- DATASET EXTRACT
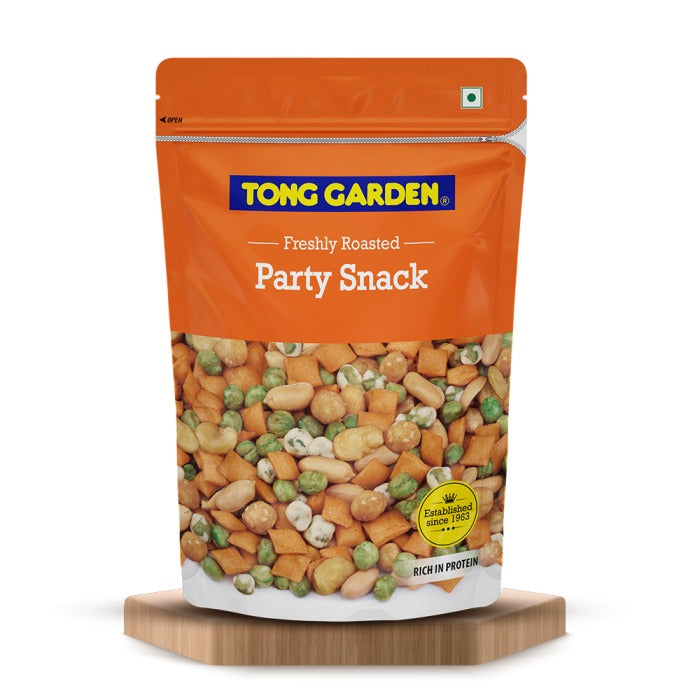 Tong Garden Party Snack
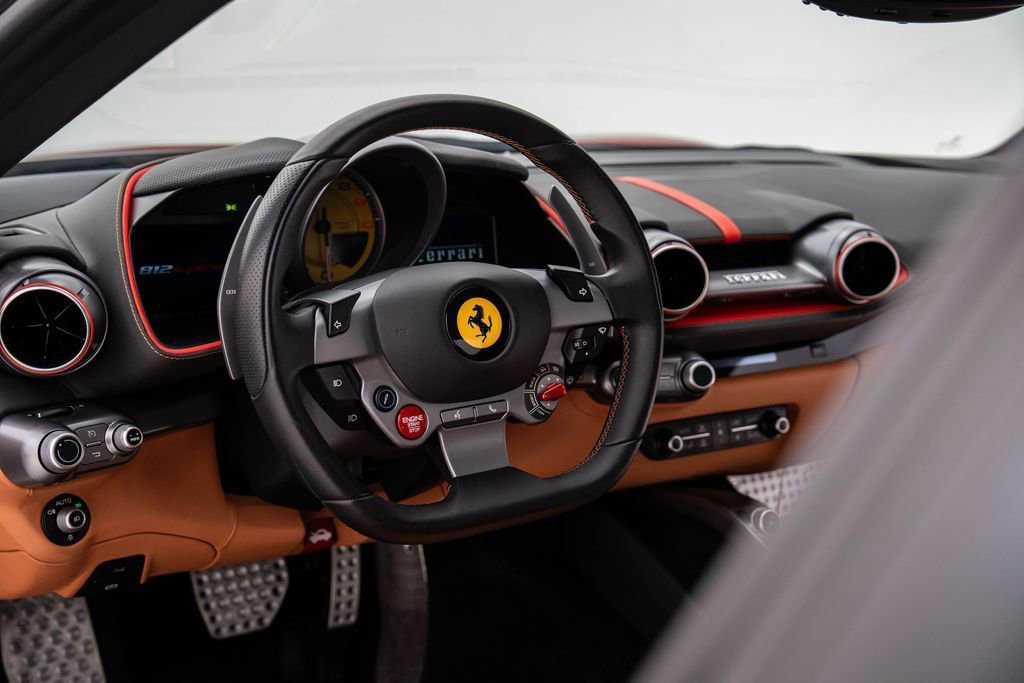Used 2019 Ferrari 812 Superfast image 23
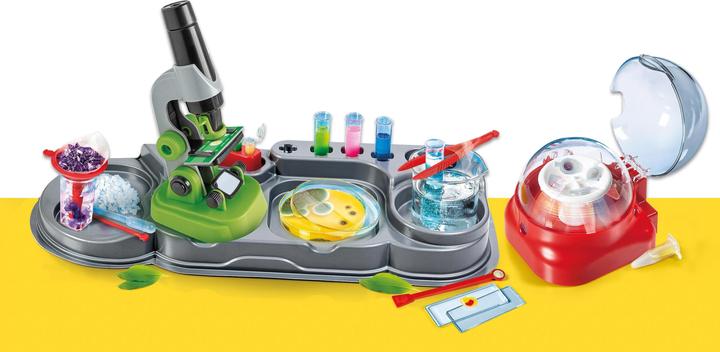 Productafbeelding Clementoni Het superwetenschapslab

- DIRECTIONS
Reproduce the whole listing above word for word, but not its pictures.

- OUTPUT FOR THIS TASK
 Tong Garden Party Snack
Used 2019 Ferrari 812 Superfast image 23
 Productafbeelding Clementoni Het superwetenschapslab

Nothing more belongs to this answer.